Kommentar Neue Regierung in Italien: Stunde des Übermuts
Die Wähler protestierten gegen die Sparzwänge der EU. Die neue Regierung hat dafür keine Lösung, steuert aber in einen Großkonflikt mit der EU.
T atsächlich verändern“ werde Italien sich unter der neuen Regierung aus 5-Sterne-Bewegung und Lega, verkündete am Mittwoch der Fünf-Sterne-Chef Luigi Di Maio, der jetzt ausgearbeitete Koalitionsvertrag sei „die größte politische Neuheit der letzten 20 Jahre“. Viele in Europa, in Brüssel, Paris oder Berlin, sehen das als Drohung. Den gut 50 Prozent der italienischen Wähler, die den beiden jetzt an die Regierung strebenden Anti-Establishment-Parteien ihre Stimme gegeben haben, dürften dagegen Di Maios Worte als Versprechen gelten. Um ein Missverständnis gleich auszuräumen: Nein, diese Menschen votierten nicht „gegen Europa“. Diese Themen spielten im Wahlkampf so gut wie keine Rolle.

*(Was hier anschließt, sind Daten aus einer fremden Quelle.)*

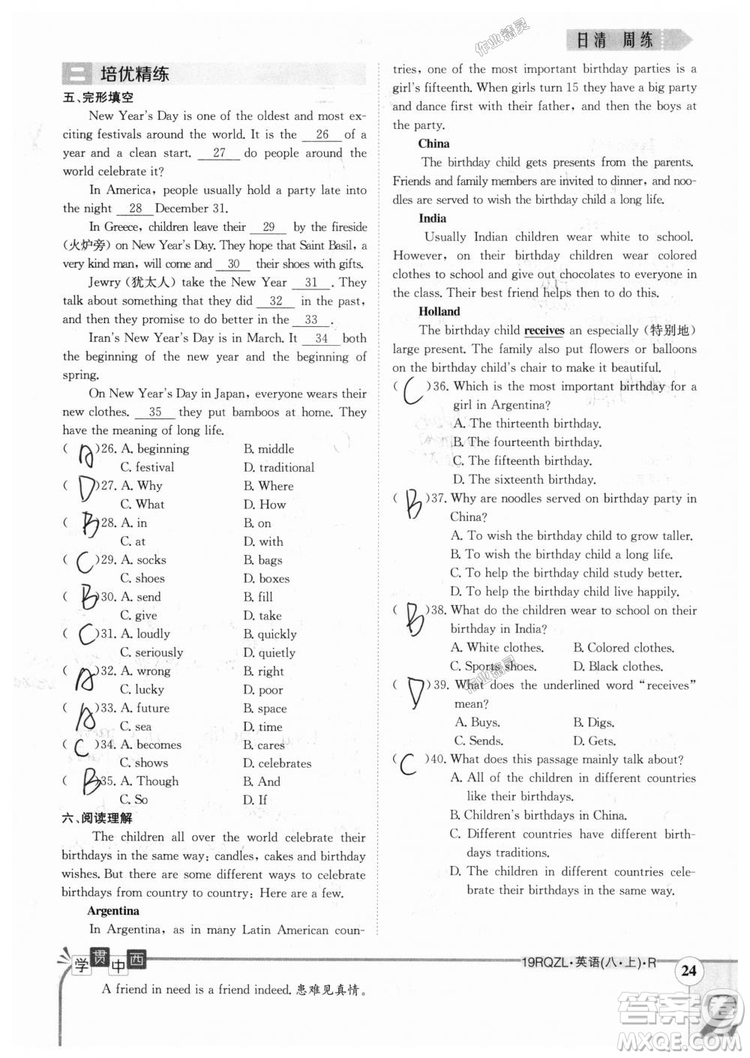 金太陽教育2019新版日清周練八年級(jí)英語上冊(cè)人教版參考答案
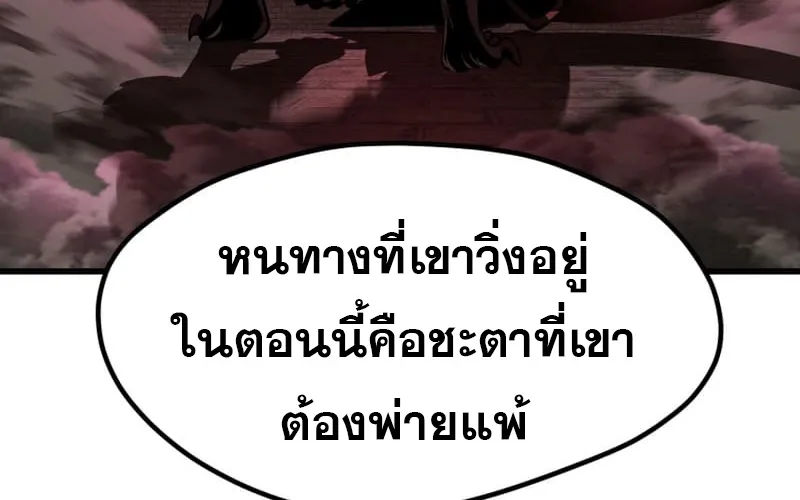 Survival Of Blade King - หน้า 132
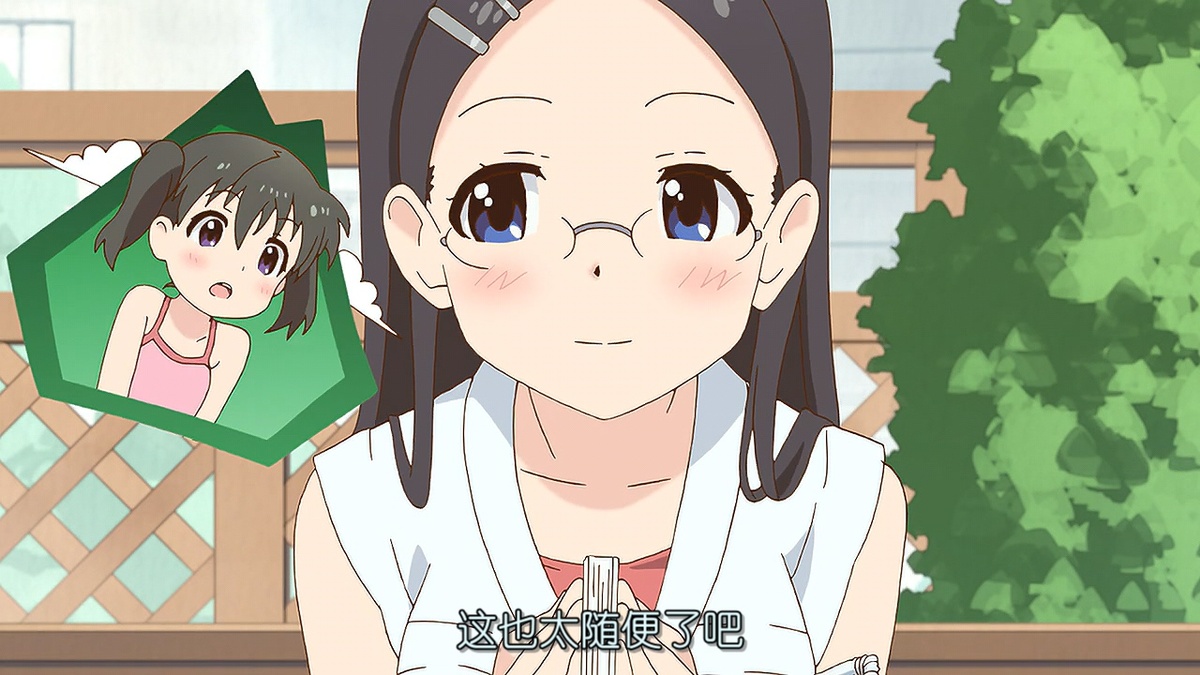 这也太随便了吧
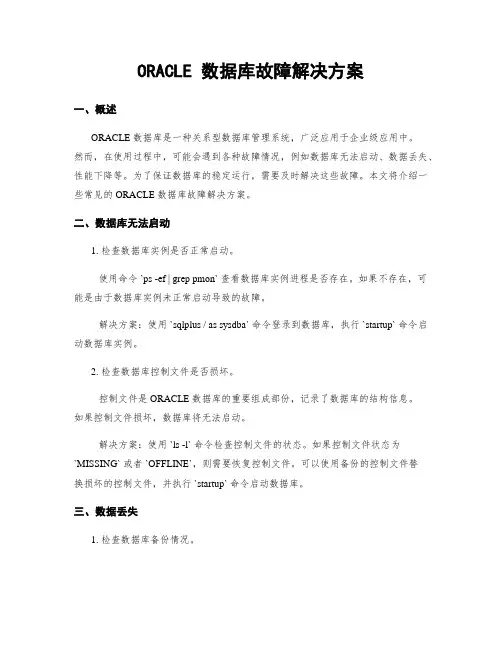ORACLE 数据库故障解决方案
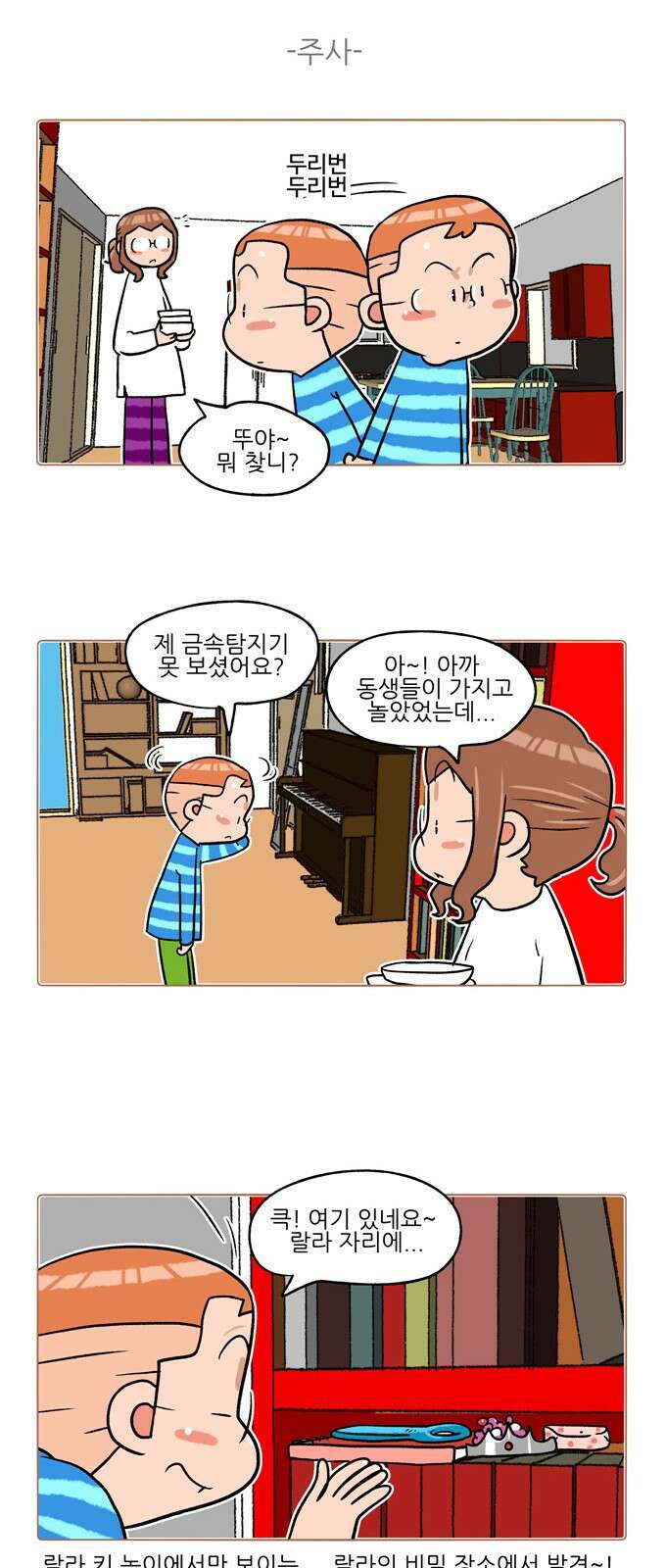 패밀리 사이즈 시즌2 324화 5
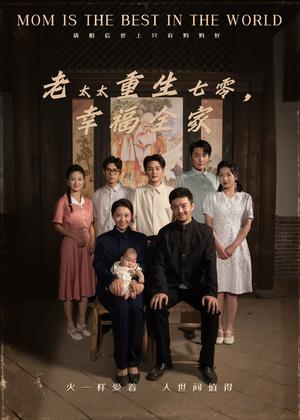 《老太太重生七零幸福全家（64集）王圻嘉&杨宗儒》短剧封面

Wohl aber stimmten sie gegen jene Austeritätspolitik, der Italien seit 2011, seit dem Ausbruch der Eurokrise folgt. Schluss mit den aus Brüssel und Berlin diktierten Sparzwängen: Dies war und ist die Botschaft, die die beiden zukünftigen Koalitionspartner eint. Überraschen kann das nicht. Die Armut im Land hat sich dramatisch ausgedehnt, und auch die Mittelschicht hat herbe Einkommensverluste erlitten.
„Patrioten“ seien jetzt gefragt, verkündet einer der Frontmänner der Fünf Sterne, „die „Stunde des Muts“ habe geschlagen. Oder die Stunde des Übermuts? Der Koalitionsvertrag schweigt sich dazu aus, wie schnell das milliardenschwere Paket an steuerlichen und sozialen Wohltaten umgesetzt und erst recht wie es gegenfinanziert werden soll. Klar ist dagegen die Ansage, dass Italien das gesamte Euro-Vertragswerk vom Stabilitäts- zum Fiskalpakt neu aufschnüren will.
Der Beifall einer Mehrheit der Italiener zu diesem Vorgehen dürfte der sich abzeichnenden neuen Regierung gewiss sein. Mag sein, dass sie sich nicht gegen Europa und den Euro aufstellen will. Doch wenn sie Ernst macht mit ihren Vorhaben, könnte sich ihrerseits die EU schnell gegen Italien positionieren. Und dann wäre ein Großkonflikt denkbar, gegen den die Griechenlandkrise nach dem Wahlsieg der Syriza nur ein müdes Vorspiel war.